From: Hushijie <hushijie3@huawei.com>
To: Mike Kravetz <mike.kravetz@oracle.com>
Cc: "will@kernel.org" <will@kernel.org>,
"akpm@linux-foundation.org" <akpm@linux-foundation.org>,
"linux-mm@kvack.org" <linux-mm@kvack.org>,
"linux-kernel@vger.kernel.org" <linux-kernel@vger.kernel.org>,
Nixiaoming <nixiaoming@huawei.com>,
"wangxu (AE)" <wangxu72@huawei.com>,
"Wangkefeng (OS Kernel Lab)" <wangkefeng.wang@huawei.com>,
yangerkun <yangerkun@huawei.com>,
"Wangle (RTOS FAE)" <wangle6@huawei.com>,
"Chengang (L)" <cg.chen@huawei.com>,
"Chenjie (K)" <chenjie6@huawei.com>,
"Huangjianhui (Alex)" <alex.huangjianhui@huawei.com>
Subject: Re: [PATCH v5] hugetlbfs: Get unmapped area below TASK_UNMAPPED_BASE for hugetlbfs
Date: Sat, 16 May 2020 07:47:35 +0000 [thread overview]
Message-ID: <87d618c778584d2386c0f0c81be6319b@huawei.com> (raw)
>On 5/14/20 7:31 AM, Shijie Hu wrote:
>> Here is a final patch to solve that hugetlb_get_unmapped_area() can't
>> get unmapped area below mmap base for huge pages based on a few previous
>> discussions and patches from me.
>>
>> I'm so sorry.

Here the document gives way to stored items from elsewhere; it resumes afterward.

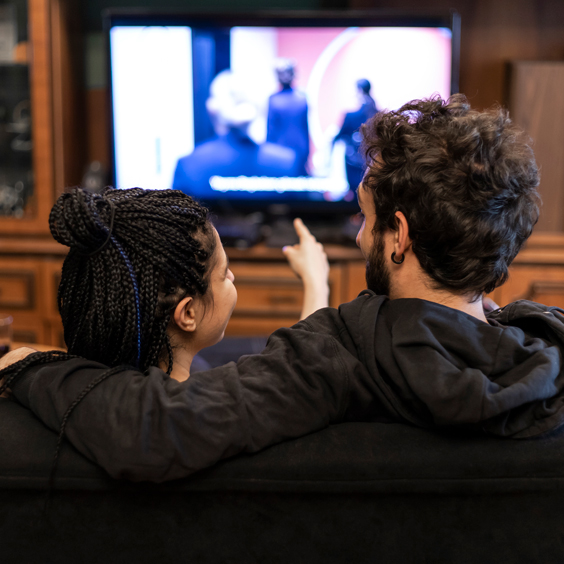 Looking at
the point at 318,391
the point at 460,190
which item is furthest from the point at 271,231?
the point at 318,391

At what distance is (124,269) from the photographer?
71cm

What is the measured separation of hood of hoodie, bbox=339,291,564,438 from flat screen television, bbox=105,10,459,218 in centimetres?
183

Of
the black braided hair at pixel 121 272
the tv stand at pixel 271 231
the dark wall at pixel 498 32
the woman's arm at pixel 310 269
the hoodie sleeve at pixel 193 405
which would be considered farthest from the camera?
the dark wall at pixel 498 32

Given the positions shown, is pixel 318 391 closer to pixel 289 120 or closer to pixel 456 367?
pixel 456 367

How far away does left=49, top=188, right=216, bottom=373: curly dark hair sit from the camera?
27.7 inches

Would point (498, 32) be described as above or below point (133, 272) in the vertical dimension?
above

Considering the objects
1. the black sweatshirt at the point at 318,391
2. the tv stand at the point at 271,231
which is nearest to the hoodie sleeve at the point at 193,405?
the black sweatshirt at the point at 318,391

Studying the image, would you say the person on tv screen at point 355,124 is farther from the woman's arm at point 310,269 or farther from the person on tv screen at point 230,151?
the woman's arm at point 310,269

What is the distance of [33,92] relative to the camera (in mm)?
2367

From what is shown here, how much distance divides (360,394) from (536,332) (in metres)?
0.30

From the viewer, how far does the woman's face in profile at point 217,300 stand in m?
0.85

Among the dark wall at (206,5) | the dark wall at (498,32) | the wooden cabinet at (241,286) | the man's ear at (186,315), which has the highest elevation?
the dark wall at (206,5)

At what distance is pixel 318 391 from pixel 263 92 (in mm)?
2032

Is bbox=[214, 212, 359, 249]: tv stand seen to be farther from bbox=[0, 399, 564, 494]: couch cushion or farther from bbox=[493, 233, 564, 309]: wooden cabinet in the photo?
bbox=[0, 399, 564, 494]: couch cushion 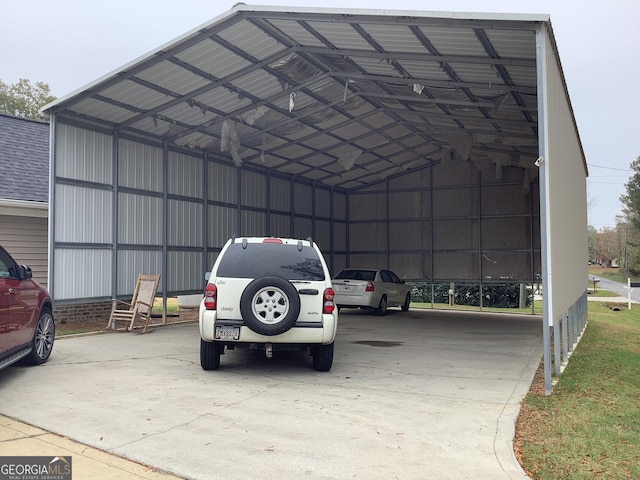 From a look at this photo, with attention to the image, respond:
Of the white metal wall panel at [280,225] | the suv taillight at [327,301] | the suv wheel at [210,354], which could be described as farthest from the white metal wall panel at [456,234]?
the suv wheel at [210,354]

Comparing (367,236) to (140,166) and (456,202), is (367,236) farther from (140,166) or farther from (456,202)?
(140,166)

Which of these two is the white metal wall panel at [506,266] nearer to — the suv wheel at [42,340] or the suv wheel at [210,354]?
the suv wheel at [210,354]

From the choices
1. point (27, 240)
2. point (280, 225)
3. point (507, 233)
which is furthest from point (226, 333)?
point (507, 233)

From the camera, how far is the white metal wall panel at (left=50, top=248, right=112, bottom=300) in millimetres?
11553

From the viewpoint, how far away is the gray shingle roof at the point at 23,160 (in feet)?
42.2

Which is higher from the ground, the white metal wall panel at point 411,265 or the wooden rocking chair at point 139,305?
the white metal wall panel at point 411,265

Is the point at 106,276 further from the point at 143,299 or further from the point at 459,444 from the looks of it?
the point at 459,444

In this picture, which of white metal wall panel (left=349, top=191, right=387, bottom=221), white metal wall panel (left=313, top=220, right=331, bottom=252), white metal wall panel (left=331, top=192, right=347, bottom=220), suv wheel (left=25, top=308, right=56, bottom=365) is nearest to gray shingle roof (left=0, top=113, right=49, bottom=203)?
suv wheel (left=25, top=308, right=56, bottom=365)

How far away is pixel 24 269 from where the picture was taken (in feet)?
22.1

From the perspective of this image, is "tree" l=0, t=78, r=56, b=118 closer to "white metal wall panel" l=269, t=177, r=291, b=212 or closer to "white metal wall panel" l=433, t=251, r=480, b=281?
"white metal wall panel" l=269, t=177, r=291, b=212

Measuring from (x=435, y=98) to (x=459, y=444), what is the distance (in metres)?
9.25

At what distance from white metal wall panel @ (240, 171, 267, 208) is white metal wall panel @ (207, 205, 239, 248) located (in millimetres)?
727

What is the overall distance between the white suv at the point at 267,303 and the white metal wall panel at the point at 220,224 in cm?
889

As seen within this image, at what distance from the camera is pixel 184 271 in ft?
49.5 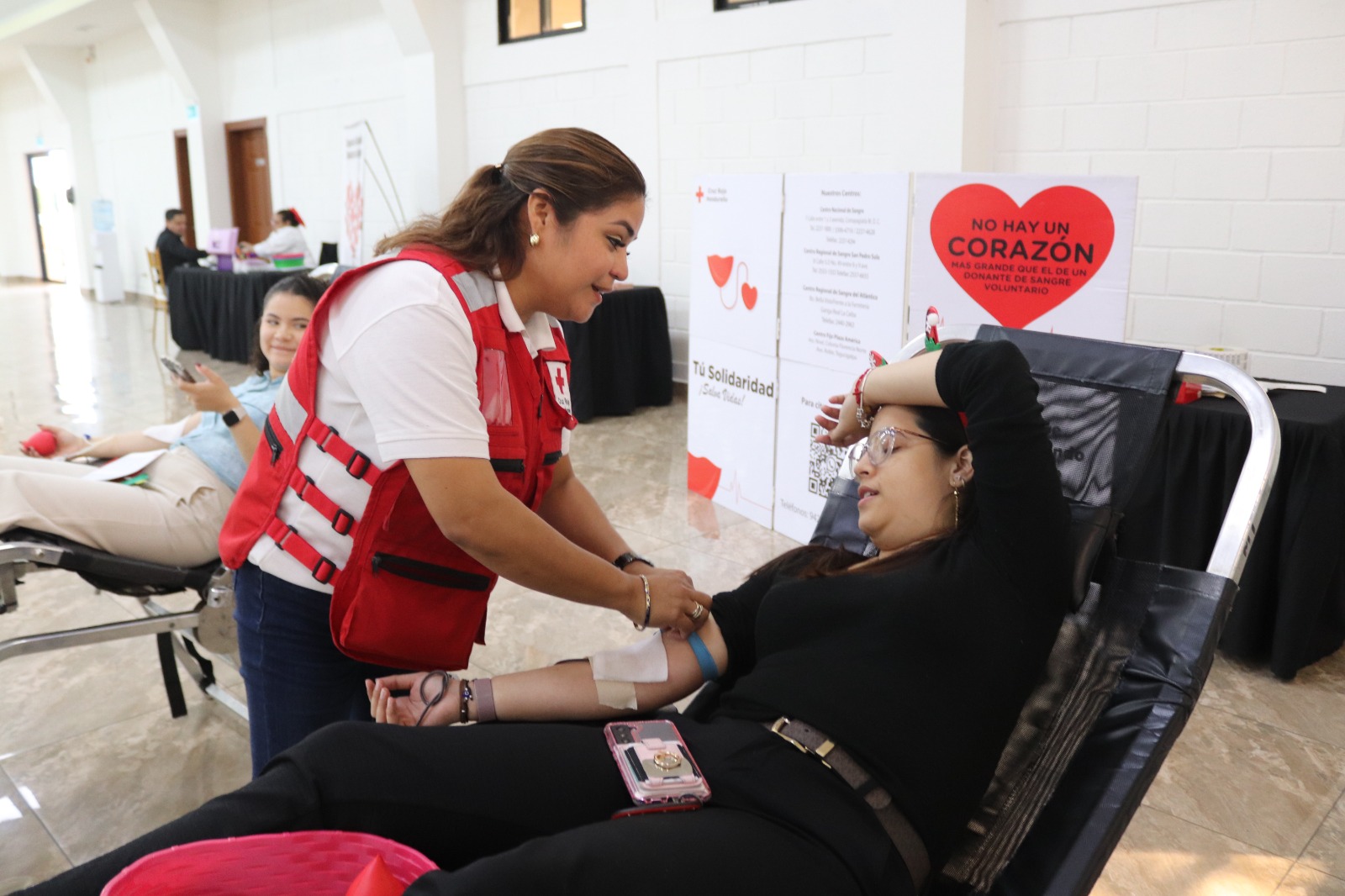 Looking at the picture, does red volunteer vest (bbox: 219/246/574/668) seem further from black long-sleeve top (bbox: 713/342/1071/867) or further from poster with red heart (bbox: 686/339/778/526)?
poster with red heart (bbox: 686/339/778/526)

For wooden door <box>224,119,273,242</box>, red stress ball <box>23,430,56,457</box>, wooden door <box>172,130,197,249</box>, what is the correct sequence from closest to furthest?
red stress ball <box>23,430,56,457</box>, wooden door <box>224,119,273,242</box>, wooden door <box>172,130,197,249</box>

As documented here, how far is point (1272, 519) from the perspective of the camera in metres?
2.57

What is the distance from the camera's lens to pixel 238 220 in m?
10.9

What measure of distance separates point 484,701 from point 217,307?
7613mm

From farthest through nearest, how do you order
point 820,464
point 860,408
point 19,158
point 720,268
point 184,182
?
point 19,158
point 184,182
point 720,268
point 820,464
point 860,408

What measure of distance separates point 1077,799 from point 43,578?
329 cm

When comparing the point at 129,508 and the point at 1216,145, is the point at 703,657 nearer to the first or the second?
the point at 129,508

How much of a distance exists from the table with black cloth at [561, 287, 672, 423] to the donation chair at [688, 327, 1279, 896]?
4.00 m

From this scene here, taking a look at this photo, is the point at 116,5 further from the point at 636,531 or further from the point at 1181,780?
the point at 1181,780

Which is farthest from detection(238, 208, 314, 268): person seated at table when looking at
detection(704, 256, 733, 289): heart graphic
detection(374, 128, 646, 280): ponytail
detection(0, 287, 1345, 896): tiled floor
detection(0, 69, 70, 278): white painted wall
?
detection(0, 69, 70, 278): white painted wall

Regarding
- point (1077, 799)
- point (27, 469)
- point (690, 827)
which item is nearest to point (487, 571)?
point (690, 827)

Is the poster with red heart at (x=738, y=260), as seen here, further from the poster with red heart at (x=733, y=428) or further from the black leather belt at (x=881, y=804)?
the black leather belt at (x=881, y=804)

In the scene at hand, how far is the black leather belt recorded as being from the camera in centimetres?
109

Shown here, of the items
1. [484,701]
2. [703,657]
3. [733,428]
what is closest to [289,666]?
[484,701] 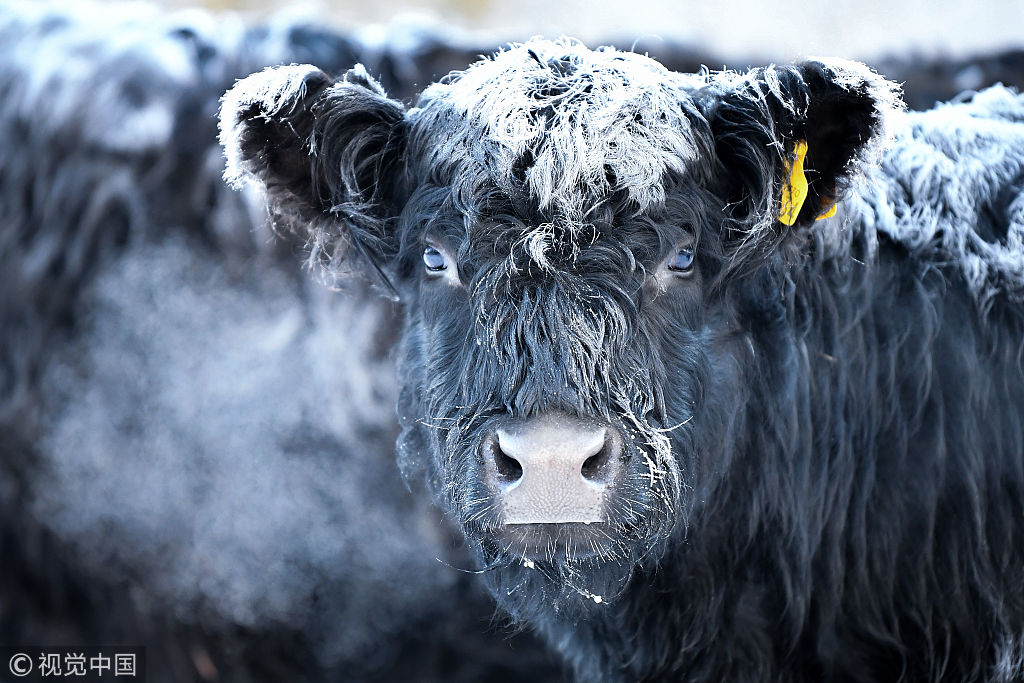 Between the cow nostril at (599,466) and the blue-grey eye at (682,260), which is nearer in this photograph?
the cow nostril at (599,466)

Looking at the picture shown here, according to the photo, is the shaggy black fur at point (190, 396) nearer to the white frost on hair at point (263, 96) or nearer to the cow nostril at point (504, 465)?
the white frost on hair at point (263, 96)

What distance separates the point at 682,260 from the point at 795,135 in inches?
16.5

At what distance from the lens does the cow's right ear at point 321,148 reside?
2.62m

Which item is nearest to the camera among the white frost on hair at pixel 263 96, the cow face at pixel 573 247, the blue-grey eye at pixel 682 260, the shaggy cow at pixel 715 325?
the cow face at pixel 573 247

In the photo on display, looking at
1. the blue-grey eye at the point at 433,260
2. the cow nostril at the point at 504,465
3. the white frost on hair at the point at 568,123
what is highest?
the white frost on hair at the point at 568,123

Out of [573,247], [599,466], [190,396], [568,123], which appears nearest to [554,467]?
[599,466]

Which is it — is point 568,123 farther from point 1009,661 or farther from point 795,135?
point 1009,661

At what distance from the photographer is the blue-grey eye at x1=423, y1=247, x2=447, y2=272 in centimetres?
257

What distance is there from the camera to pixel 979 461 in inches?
107

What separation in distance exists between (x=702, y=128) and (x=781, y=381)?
76 cm

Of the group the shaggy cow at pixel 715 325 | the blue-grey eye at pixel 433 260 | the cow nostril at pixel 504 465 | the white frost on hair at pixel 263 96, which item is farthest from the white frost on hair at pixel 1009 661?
the white frost on hair at pixel 263 96

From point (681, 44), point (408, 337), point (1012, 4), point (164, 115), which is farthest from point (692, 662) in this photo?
point (1012, 4)

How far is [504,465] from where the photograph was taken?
2227 mm

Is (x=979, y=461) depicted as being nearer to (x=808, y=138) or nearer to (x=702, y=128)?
(x=808, y=138) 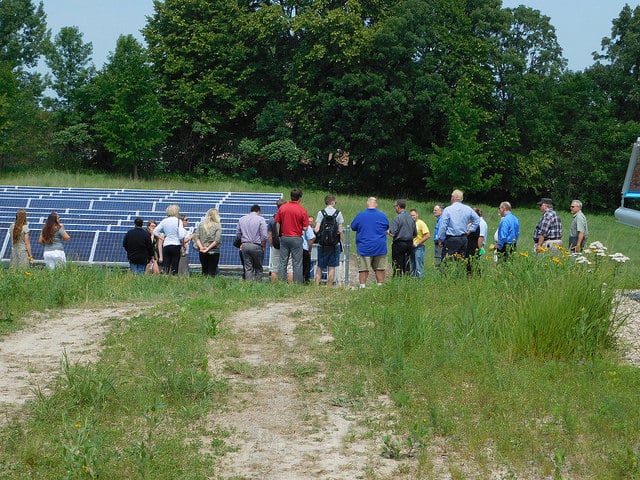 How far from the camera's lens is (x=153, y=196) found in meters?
32.6

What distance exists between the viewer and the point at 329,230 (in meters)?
16.6

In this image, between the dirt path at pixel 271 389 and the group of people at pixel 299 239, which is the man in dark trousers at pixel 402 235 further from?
the dirt path at pixel 271 389

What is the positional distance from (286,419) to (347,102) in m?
51.4

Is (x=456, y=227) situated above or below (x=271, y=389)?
above

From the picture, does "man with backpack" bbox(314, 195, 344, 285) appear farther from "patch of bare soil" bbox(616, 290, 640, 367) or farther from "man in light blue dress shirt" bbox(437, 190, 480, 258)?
"patch of bare soil" bbox(616, 290, 640, 367)

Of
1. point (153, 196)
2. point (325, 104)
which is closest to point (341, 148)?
point (325, 104)

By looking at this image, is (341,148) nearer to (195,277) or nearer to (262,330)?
(195,277)

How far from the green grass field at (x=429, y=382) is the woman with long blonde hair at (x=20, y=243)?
4.33 metres

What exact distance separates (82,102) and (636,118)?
38.2 meters

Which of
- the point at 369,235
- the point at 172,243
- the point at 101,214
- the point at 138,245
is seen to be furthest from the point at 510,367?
the point at 101,214

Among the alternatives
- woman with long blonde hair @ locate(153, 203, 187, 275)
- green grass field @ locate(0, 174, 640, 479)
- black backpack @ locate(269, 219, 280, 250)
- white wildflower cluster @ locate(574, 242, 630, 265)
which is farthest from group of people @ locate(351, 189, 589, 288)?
white wildflower cluster @ locate(574, 242, 630, 265)

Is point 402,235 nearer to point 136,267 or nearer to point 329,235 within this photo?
point 329,235

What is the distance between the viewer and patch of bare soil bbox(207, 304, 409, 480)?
657cm

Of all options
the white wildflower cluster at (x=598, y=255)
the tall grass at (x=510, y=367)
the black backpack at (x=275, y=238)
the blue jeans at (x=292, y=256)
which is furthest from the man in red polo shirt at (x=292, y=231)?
the white wildflower cluster at (x=598, y=255) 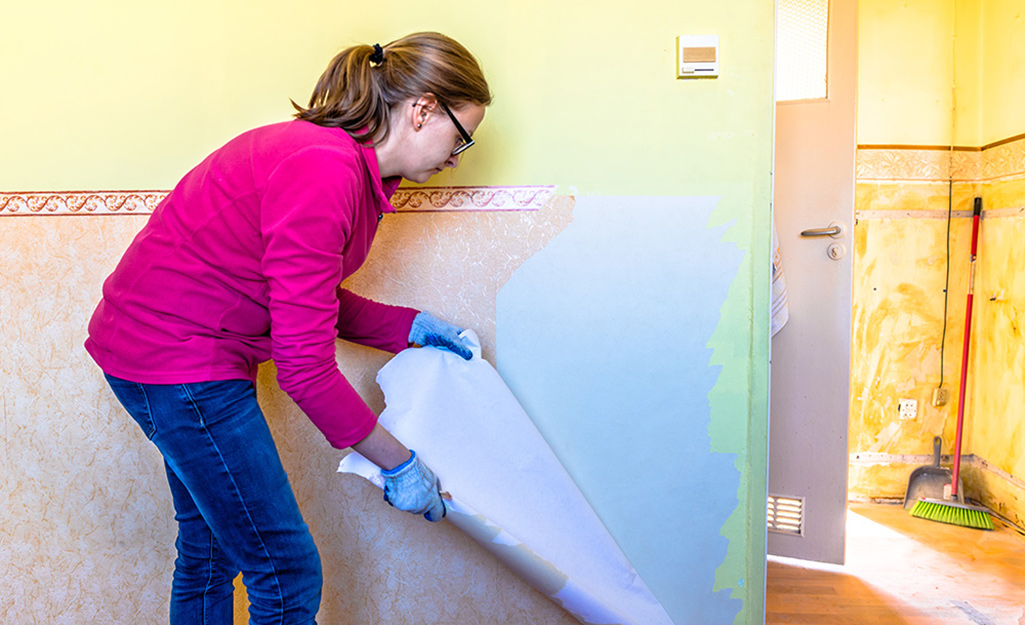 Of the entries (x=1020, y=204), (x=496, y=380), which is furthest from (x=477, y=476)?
(x=1020, y=204)

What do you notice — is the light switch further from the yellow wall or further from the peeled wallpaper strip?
the yellow wall

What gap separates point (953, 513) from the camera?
99.3 inches

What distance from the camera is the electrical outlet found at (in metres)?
2.74

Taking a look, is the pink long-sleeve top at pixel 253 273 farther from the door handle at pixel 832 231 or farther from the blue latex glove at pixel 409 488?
the door handle at pixel 832 231

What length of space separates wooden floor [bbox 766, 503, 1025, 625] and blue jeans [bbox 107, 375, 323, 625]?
1.33m

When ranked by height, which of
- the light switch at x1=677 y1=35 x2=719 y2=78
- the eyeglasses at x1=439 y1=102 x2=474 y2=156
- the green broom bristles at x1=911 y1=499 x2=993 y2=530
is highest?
the light switch at x1=677 y1=35 x2=719 y2=78

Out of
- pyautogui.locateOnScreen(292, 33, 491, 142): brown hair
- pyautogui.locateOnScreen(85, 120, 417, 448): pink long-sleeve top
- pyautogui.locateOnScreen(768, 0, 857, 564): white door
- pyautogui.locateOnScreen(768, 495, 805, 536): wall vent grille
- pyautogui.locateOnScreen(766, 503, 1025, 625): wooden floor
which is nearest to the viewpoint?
pyautogui.locateOnScreen(85, 120, 417, 448): pink long-sleeve top

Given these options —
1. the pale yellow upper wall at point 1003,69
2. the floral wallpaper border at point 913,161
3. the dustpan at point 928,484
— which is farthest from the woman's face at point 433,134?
the dustpan at point 928,484

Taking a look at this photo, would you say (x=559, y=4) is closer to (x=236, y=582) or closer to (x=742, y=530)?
(x=742, y=530)

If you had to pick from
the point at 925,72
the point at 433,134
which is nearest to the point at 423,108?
the point at 433,134

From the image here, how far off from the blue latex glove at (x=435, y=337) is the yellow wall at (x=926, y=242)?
2.02m

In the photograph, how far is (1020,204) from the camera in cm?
245

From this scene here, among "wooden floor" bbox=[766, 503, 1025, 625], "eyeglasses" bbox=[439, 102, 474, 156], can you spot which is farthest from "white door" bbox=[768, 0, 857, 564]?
"eyeglasses" bbox=[439, 102, 474, 156]

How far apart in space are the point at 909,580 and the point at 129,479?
7.30 ft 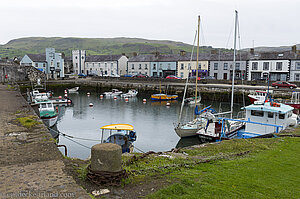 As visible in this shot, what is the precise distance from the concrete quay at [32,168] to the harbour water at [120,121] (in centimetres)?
487

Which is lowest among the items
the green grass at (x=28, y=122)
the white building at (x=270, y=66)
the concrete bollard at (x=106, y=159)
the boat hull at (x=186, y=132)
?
the boat hull at (x=186, y=132)

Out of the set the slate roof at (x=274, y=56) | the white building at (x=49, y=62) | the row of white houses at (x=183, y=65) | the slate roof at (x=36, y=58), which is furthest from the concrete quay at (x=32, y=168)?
the slate roof at (x=36, y=58)

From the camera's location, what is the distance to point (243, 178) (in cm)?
698

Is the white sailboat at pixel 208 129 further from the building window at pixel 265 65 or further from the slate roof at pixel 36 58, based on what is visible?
the slate roof at pixel 36 58

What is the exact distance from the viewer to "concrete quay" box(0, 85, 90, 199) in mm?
5640

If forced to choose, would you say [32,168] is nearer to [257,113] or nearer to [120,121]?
[257,113]

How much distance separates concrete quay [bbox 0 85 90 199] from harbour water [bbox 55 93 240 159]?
487cm

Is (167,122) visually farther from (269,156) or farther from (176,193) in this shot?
(176,193)

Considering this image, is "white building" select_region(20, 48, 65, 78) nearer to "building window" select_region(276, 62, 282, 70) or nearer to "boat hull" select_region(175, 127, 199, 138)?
"building window" select_region(276, 62, 282, 70)

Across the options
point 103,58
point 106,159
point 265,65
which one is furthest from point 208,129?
point 103,58

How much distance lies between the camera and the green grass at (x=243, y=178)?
6.00 metres

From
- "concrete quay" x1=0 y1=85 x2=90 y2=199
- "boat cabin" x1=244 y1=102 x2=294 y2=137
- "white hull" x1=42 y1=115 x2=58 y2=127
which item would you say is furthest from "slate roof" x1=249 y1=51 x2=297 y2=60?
"concrete quay" x1=0 y1=85 x2=90 y2=199

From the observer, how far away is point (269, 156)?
9250mm

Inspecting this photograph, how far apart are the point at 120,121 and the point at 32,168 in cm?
2211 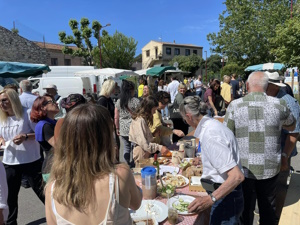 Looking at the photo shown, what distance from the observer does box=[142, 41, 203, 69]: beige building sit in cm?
4834

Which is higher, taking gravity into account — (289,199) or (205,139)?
(205,139)

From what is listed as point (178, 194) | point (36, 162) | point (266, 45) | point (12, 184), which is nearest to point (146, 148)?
point (178, 194)

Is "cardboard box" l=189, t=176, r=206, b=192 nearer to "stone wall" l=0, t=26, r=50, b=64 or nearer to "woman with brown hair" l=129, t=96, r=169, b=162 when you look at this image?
"woman with brown hair" l=129, t=96, r=169, b=162

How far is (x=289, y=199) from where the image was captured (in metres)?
2.64

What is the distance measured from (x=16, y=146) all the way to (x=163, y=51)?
47817mm

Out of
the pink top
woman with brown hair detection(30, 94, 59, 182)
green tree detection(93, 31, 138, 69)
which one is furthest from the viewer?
green tree detection(93, 31, 138, 69)

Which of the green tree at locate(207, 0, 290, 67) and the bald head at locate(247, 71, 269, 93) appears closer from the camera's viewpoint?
the bald head at locate(247, 71, 269, 93)

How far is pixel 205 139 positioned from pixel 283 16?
64.1ft

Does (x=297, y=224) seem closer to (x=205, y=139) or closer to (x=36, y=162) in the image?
(x=205, y=139)

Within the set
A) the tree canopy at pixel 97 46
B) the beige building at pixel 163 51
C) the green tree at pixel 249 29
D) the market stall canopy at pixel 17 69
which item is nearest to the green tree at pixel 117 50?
the tree canopy at pixel 97 46

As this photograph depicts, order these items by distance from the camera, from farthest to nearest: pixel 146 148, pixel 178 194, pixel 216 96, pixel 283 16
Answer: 1. pixel 283 16
2. pixel 216 96
3. pixel 146 148
4. pixel 178 194

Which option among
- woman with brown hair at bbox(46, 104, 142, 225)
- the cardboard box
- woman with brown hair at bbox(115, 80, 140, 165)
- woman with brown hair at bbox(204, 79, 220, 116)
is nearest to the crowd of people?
woman with brown hair at bbox(46, 104, 142, 225)

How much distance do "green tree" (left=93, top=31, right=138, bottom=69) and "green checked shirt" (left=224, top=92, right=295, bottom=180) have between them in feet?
106

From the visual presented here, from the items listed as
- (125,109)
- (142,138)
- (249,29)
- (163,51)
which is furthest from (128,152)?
(163,51) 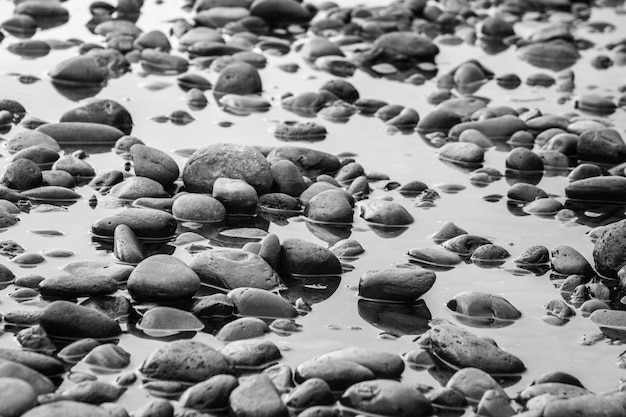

When sending v2 and v3 patches, I forget to cc:
>> linux-mm@kvack.org and linux-kernel@vger.kernel.org. No records of these
>> two patches found on the https://lkml.org/lkml/.
>>
>> Patch V1: https://lkml.org/lkml/2020/4/27/440
>> Patch V4: https://lkml.org/lkml/2020/5/13/980
>>
>> Changes in V2:
>> * Follow Mike's suggestions, move hugetlb_get_unmapped_area() routines
>> from "fs/hugetlbfs/inode.c" to "arch/arm64/mm/hugetlbpage.c", without
>> changing core code.
>> * Add mmap_is_legacy() function, and only fall back to the bottom-up
>> function on no-legacy mode.
>>
>> Changes in V3:
>> * Add *bottomup() and *topdown() two function, and check if
>> mm->get_unmapped_area is equal to arch_get_unmapped_area() instead of
>> checking mmap_is_legacy() to determine which function should be used.
>>
>> Changes in V4:
>> * Follow the suggestions of Will and Mike, move back this patch to core
>> code.
>>
>> Changes in V5:
>> * Fix kbuild test error.
>>
>> ------
>>
>> In a 32-bit program, running on arm64 architecture. When the address
>> space below mmap base is completely exhausted, shmat() for huge pages
>> will return ENOMEM, but shmat() for normal pages can still success on
>> no-legacy mode. This seems not fair.
>>
>> For normal pages, get_unmapped_area() calling flows are:
>> => mm->get_unmapped_area()
>> if on legacy mode,
>> => arch_get_unmapped_area()
>> => vm_unmapped_area()
>> if on no-legacy mode,
>> => arch_get_unmapped_area_topdown()
>> => vm_unmapped_area()
>>
>> For huge pages, get_unmapped_area() calling flows are:
>> => file->f_op->get_unmapped_area()
>> => hugetlb_get_unmapped_area()
>> => vm_unmapped_area()
>>
>> To solve this issue, we only need to make hugetlb_get_unmapped_area() take
>> the same way as mm->get_unmapped_area(). Add *bottomup() and *topdown()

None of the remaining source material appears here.